1日目を終えて、久々の1日目4000点オーバーの4066点。順調に行けば総合得点8000点が見えてきた。他の選手たちが自己ベストペースを落とす中、丸山選手1人が自己ベストペースを上回り、メダル圏内で折り返しとなった。

【110mハードル】14秒20-1.1(2位 949点)
昨日からホームストレートは少し強めの追い風が吹いており、110mハードルの風次第では追い風参考記録になってしまう心配もあった。そんな中、1台目の入りを7歩から8歩に変えたことで、前半をスムーズに走る事ができ、終始トップを譲らずにフィニッシュ。結果は14秒20(-1.1)総合結果は公認記録となることは確定したが、調子・流れともに良かったので、もう少し風に恵まれたら、更なる得点の積み上げをできただけに残念である。

【円盤投】42m08(6位 707点)
円盤投も重点的にトレーニングしてきた種目。最近の練習では43〜45mを超える投擲もコンスタントにできていたが、本番試技に入ると力んでしまう傾向があった。1投目39m62、2投目40m35。悪い流れが出てしまった。ターンの前半を落ち着いて入るように修正した3投目は42m08。なんとか最低ラインはキープできた。

【棒高跳】4m80(2位 849点)
日本選手権以降、練習に力を入れてきた棒高跳。丸山選手本人も自信を持って臨めていた様子であった。4m50、4m60と順調に1回でクリアして迎えた4m70。風が不安定になり始め、時折、向かい風の状態になることもあり、苦労しながらも3回目でなんとかクリア。4m80は唯一1回でクリアして、5mもいけるのでは?と期待を持たせるも、4m90は惜しい跳躍であったがクリアならず。

【やり投】60m68(3位 748点)
棒高跳終了時点で総合2位に浮上。総合記録自己ベスト(6月の日本選手権)時は64m65を投げており、できるだけその記録に近づけることで8000点を確実のものとしたかった。1投目、少し高く上がりすぎて54m24。このままだと8000点も厳しい状況に。最低でも60mラインは超えたいところ。2投目、投擲角度をしっかり修正できて、結果は60m68。これで再び8000点オーバーを手繰り寄せた快心の1投であった。3投目はこれを超えられずに記録は60m68。

【1500m】4分36秒59(4位 702点)
4分39秒6以内で走れば8000点オーバーという状況。昨年から4分30秒のペースで1200mなどのトレーニングが出来ている事や、日本選手権は膝が万全でない状況で4分40秒31だった事を考えると、安全圏内かと思われ、順位としてはRisto LILLEMETS選手に5秒差以上をつけられなければ2位を確保できる状況であった。400m通過は想定より若干早いタイムで通過(70秒)し、その後ペースダウン。丸山選手より持ちタイムが速い選手たちが前に出なかったので、たまらず先頭に出て自分のペースをキープする。その後、中々ペースが上げられずRisto LILLEMETS選手にも抜かれ、1000m通過時は8000点オーバーの想定タイム(4分39秒6)ギリギリにペースダウンしてしまう。ラスト300mから必死の形相で再度ペースアップして、結果は4分36秒59でフィニッシュ。

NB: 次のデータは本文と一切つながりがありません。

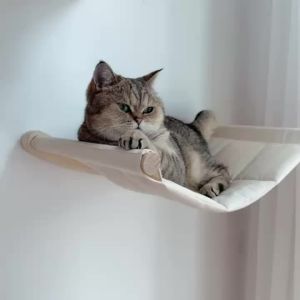 Cat Wall Hammock Wall Mounted Cat Kitty Bed Funiture with Stable Shelves and Perches for Sleeping Playing Climbing and Lounging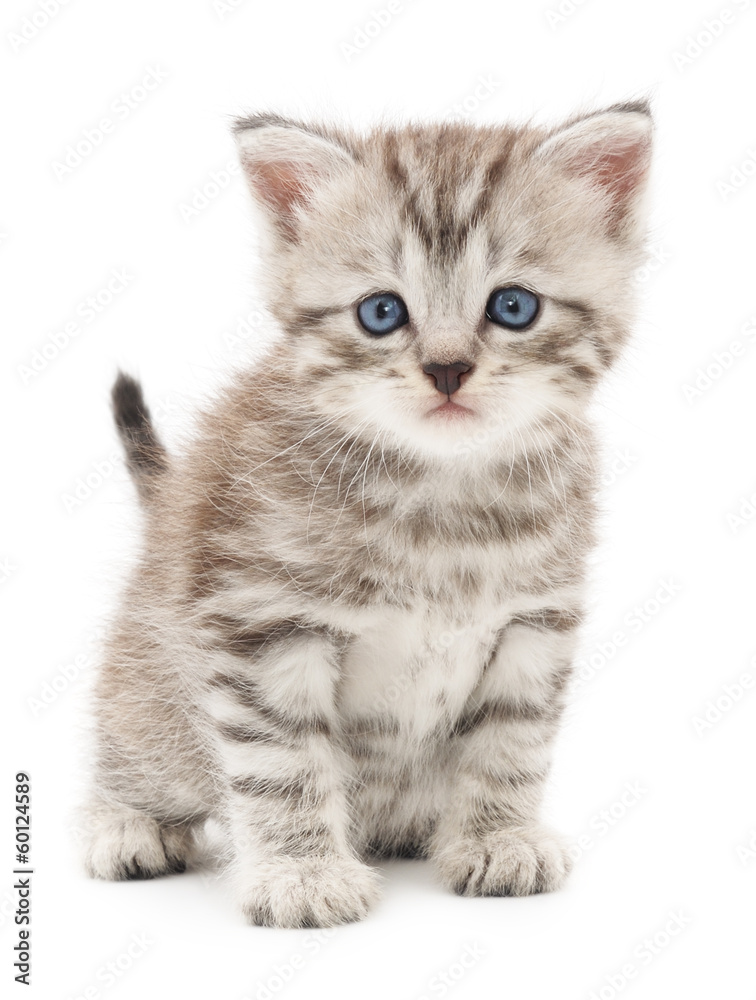 Kitten on a white background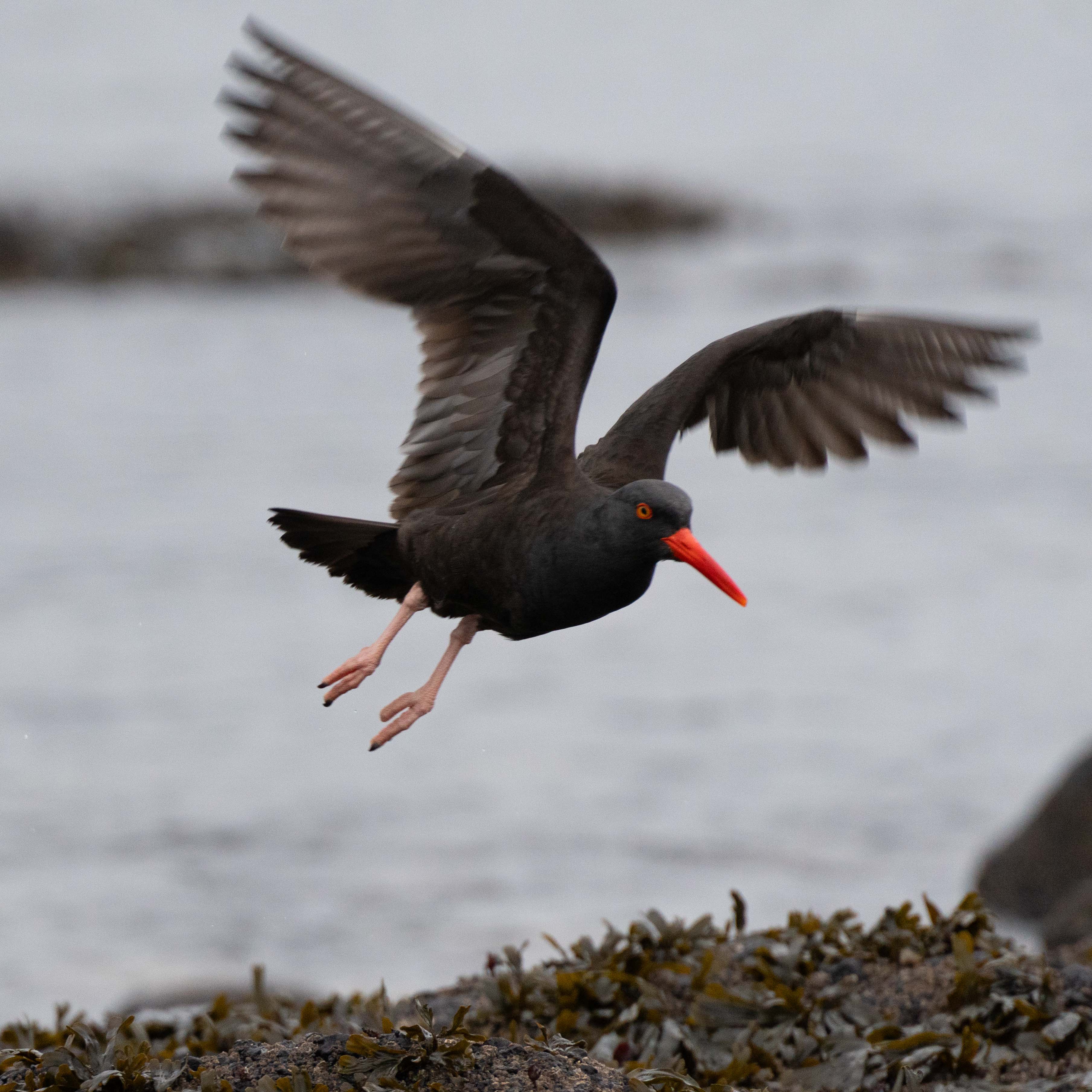 Washington Coast photo 14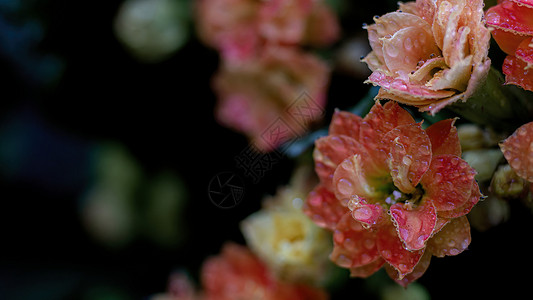 微观特写春天雨水水珠花朵特写背景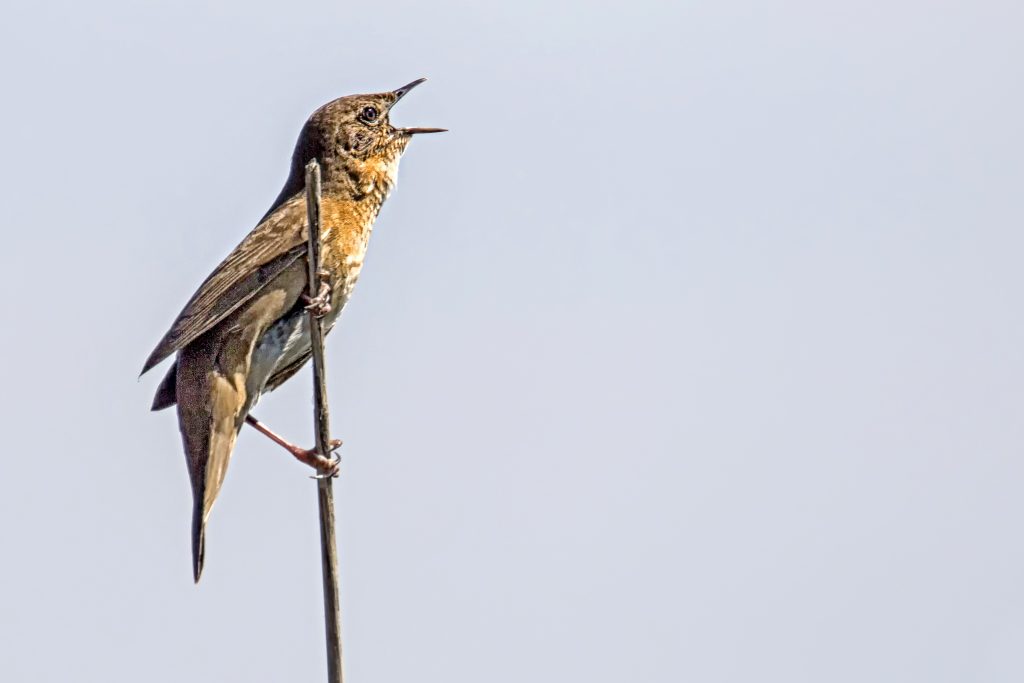 Snor (Locustella luscinioides)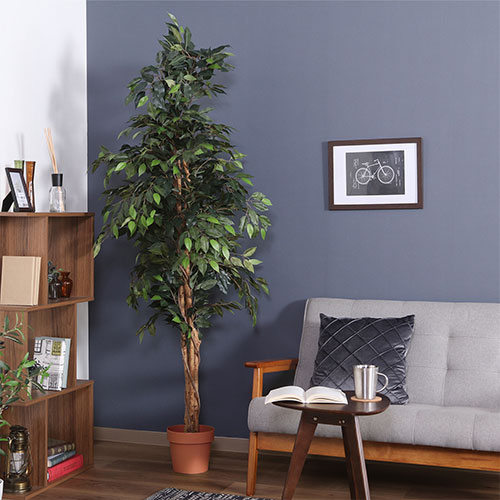 観葉植物 フィカス 1124 A 52662 不二貿易 観葉植物 | ホームセンター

Risto LILLEMETS選手にも9点差(約1.3秒差)で逃げ切り、初の8000点オーバーとなる8021点で2位に!

【総合結果】8021点 2位

日本人4人目となる8000点オーバーの8021点(日本歴代3位)で堂々の2位。国際大会での8000点オーバーで自己記録の更新という偉業を成し遂げた。この結果、ワールドランキングも35位(1カ国3人カウントで28位)に浮上し、今回の遠征での目的をしっかりと達成できた。
要所要所で細かいミスもあったので、まだまだ、ポテンシャルは秘めているはず。更なる飛躍に期待したい。

丸山選手コメント

「トータル8021点での自己ベスト更新は嬉しいが、世界との差を考えるとまだまだ実力不足。アベレージで日本記録を超えておかないと世界での入賞は見えてこない。世界での入賞、その先を目指して色々とチャレンジしていきたい。」

丸山選手はそのまま帰国せず、2週間後にフランス・ボルドーのタランスで行われる「Decastar」に出場予定。この大会はオリンピック・世界選手権に次ぐ国際陸連混成ツアー大会(WA Combined Events Tour)最高峰のうちの1大会。2018年には十種競技の現世界記録(9126点:Kevin MAYER選手)が出た大会でもある。この大会の様子も後日レポートさせていただきます。